Bundes­ver­fas­sungs­gericht: Teile des Bundes­wahl­ge­setzes sind verfas­sungs­widrigSitzverteilung im Bundestag muss reformiert werden

Teile des Bundes­wahl­ge­setzes hat das Bundes­ver­fas­sungs­gericht für verfas­sungs­widrig erklärt und eine Neuregelung bis 2011 gefordert. Verfas­sungs­widrig ist das so genannte negative Stimmengewicht. Dieses kann einer Partei trotz zusätzlicher Zweitstimmen weniger Mandate bescheren. Dies verletze den Grundsatz der Wahlgleichheit und führe zu willkürlichen Ergebnissen. Der derzeitige Bundestag könne aber trotz dieses Wahlfehlers weiter fortbestehen, entschieden die Richter.

Der durch § 7 Abs. 3 Satz 2 in Verbindung mit § 6 Abs. 4 und 5 Bundes­wahl­gesetz bewirkte Effekt des negativen Stimmgewichts kann dazu führen, dass in bestimmten Konstellationen abgegebene Zweitstimmen für solche Parteien, die Überhangmandate in einem Land gewinnen, insofern negativ wirken, als diese Parteien in demselben oder einem anderen Land Mandate verlieren.

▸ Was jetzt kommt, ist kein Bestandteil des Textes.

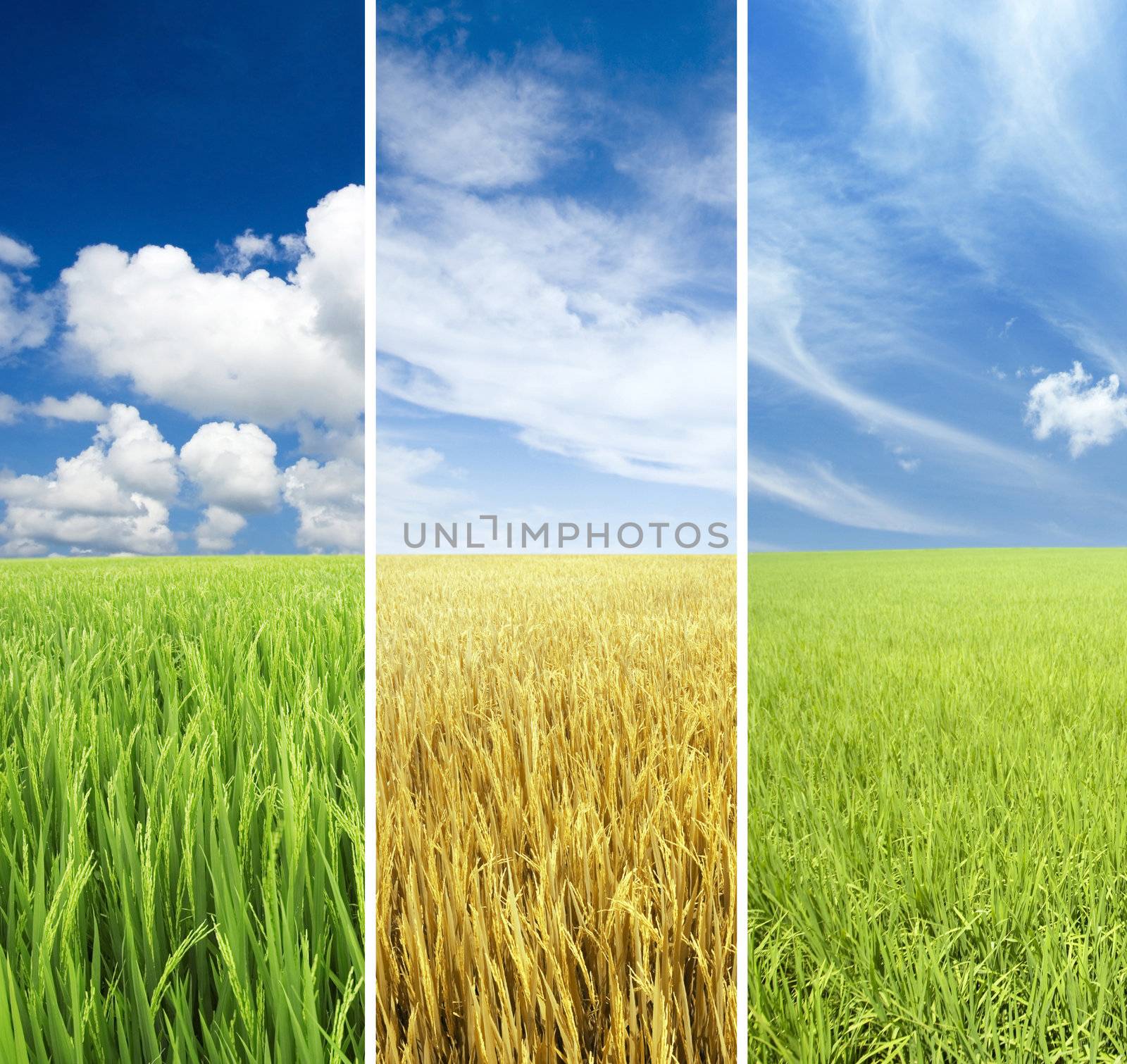 Collage photo of Paddy and Sky in different seasons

Umgekehrt ist es auch möglich, dass die Nichtabgabe einer Wählerstimme der zu unterstützenden Partei dienlich ist.

Sachverhalt:

Unter dem Begriff des negativen Stimmgewichts werden unter­schiedliche Paradoxien im Verfahren der Mandats­zu­teilung zusammengefasst, denen gemeinsam ist, dass der Gewinn von Zweitstimmen einer Partei bei genau dieser Partei zu einem Mandatsverlust führen kann. Der Effekt kann auch in umgekehrter Richtung derart auftreten, dass der Verlust von Zweitstimmen zu einem Mandatsgewinn führt.

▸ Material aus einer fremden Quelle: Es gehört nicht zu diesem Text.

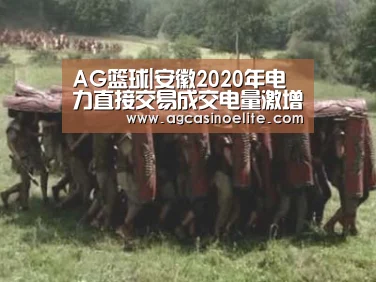 AG篮球|安徽2020年电力直接交易成交电量激增(图1) AG地址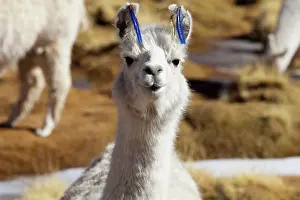 Llama: South America, Argentina, Province Salta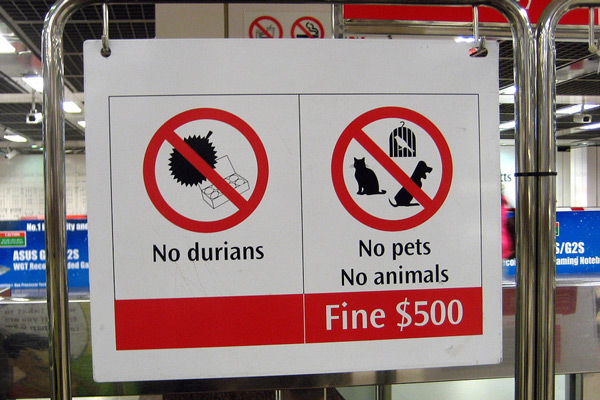 Durian: król owoców Tajlandii, smak i zapach
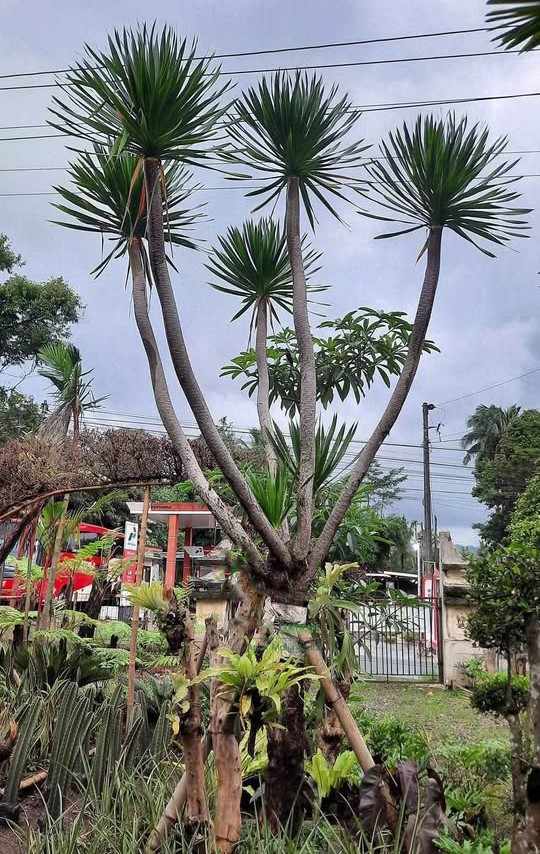 jual pohon pandan bali ukuran kecil hingga besar 1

Bei Bundes­tags­wahlen kann das negative Stimmgewicht beim Entstehen von Überhang­mandaten gemäß § 7 Abs. 3 Satz 2 i.V.m. § 6 Abs. 5 Bundes­wahl­gesetz auftreten. Stehen der Zahl der gewählten Wahlkreis­be­werber einer Partei in einem Land nur ebenso viele oder weniger nach Zweitstimmen auf der Landesliste (unter)verteilte Sitze gegenüber, dann kann es für die Partei günstiger sein, weniger Zweitstimmen in einem Bundesland zu erhalten, wenn dadurch die Sitzzahl in der bundesweiten Oberverteilung zwischen den verschiedenen Parteien nicht beeinflusst wird. Einfluss hat die niedrigere Stimmzahl dann allein auf die Unterverteilung der Sitze auf die einzelnen Landeslisten der betroffenen Partei. Denn eine niedrigere Anzahl an Zweitstimmen kann bei der Verteilung der bei der Unterverteilung übrig gebliebenen Reststimmen dazu führen, dass eine andere Landesliste vorrangig zum Zuge kommt. Je enger die Nachkom­maanteile des ungerundeten Sitzanspruchs zweier Länder liegen, nach denen sich die Verteilung der Reststimmen bemisst, desto eher kann - wenn mindestens in einem dieser Länder Überhangmandate gewonnen wurden - der Effekt des negativen Stimmgewichts eintreten. Büßt die Partei in dem Land, in dem sie ein Überhangmandat gewonnen hat, ein Listenmandat in der Unterverteilung ein, so erleidet sie dadurch keinen Nachteil, weil ihre Liste ohnehin nicht zum Zuge kommt und sie die ihr zustehenden Wahlkreis­mandate nicht verlieren kann. Eine andere Landesliste der Partei erhält hingegen einen Sitz mehr. Damit gewinnt die betroffene Partei bundesweit durch den geringeren Stimmenanteil einen Sitz hinzu. Auch in umgekehrter Reihenfolge ist dieser Effekt denkbar. Eine Partei kann durch mehr Zweitstimmen ein Überhangmandat verlieren und somit in der Gesamt­man­datszahl schlechter stehen.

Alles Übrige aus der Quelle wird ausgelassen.